Descript Audio Codec
Descript Audio Codec (DAC) is a high-fidelity, general neural audio codec, currently at version 1.0.0. It enables compression of audio (supporting 16kHz, 24kHz, and 44.1kHz sampling rates) into discrete codes at very low bitrates, achieving approximately 90x compression for 44.1 kHz audio at 8 kbps while maintaining exceptional fidelity. It is designed to be universal, working across various audio domains including speech, music, and environmental sounds, and can serve as a drop-in replacement for codecs like EnCodec in audio language modeling applications. The library maintains an active development pace with regular updates.
Warnings
- gotcha Model limitations exist for certain audio types; it performs best on speech and may have difficulty reconstructing some musical instruments (e.g., glockenspiel) or complex environmental sounds perfectly.
- gotcha Model weights are automatically downloaded from the internet on the first use of `dac.DAC.load()` or `dac.utils.download()`. This requires an active internet connection for initial setup.
- gotcha Changes in early `0.x` versions (e.g., between 0.0.3 and 0.0.4) modified the storage format of discrete codes to `uint16`. If you saved codes with very old `0.x` versions, they might not be compatible with newer versions of the library.
Install
-
pip install descript-audio-codec
Imports
- DAC
import dac model = dac.DAC.load(...)
- AudioSignal
from audiotools import AudioSignal
Quickstart
import dac
import torch
from audiotools import AudioSignal
import os
# Instantiate the DAC model. Model weights are automatically downloaded and cached.
# You can specify model_type='16khz', '24khz', or '44khz'. Default is '44khz'.

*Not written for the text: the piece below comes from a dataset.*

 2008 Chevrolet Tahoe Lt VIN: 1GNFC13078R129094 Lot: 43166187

device = "cuda" if torch.cuda.is_available() else "cpu"
model = dac.DAC.load(model_type="44khz").to(device)
# Prepare dummy audio for encoding (e.g., 5 seconds of stereo 44.1kHz noise)
sample_rate = model.sample_rate # 44100
duration = 5 # seconds
channels = 2 # stereo
audio_tensor = torch.randn(channels, sample_rate * duration, device=device)

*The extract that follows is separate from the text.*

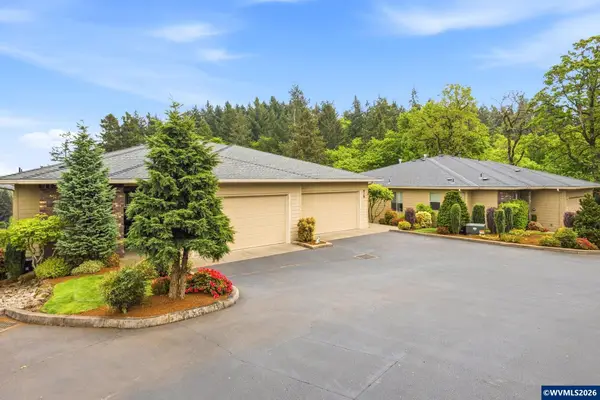 938  Sahalee Ct SE, Salem, OR 97306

audio_signal = AudioSignal(audio_tensor, sample_rate)
# Encode the audio to discrete codes and get the reconstructed audio
with torch.no_grad():
# codes: quantized latent representations (discrete tokens)
# latents: continuous latent representations
# audio_out: reconstructed audio (audiotools.AudioSignal)
codes, latents, audio_out = model.encode(audio_signal, return_audio=True)
print(f"Original audio shape: {audio_signal.shape}")
print(f"Encoded codes shape (batch, num_quantizers, sequence_length): {codes.shape}")
print(f"Decoded audio shape: {audio_out.shape}")
# In a real application, you might save `codes` for storage/transmission
# or `audio_out` to a file.
# Example (requires audiotools):
# audio_out.write("reconstructed_audio.wav")
# Example: torch.save(codes, "compressed_audio_codes.pt")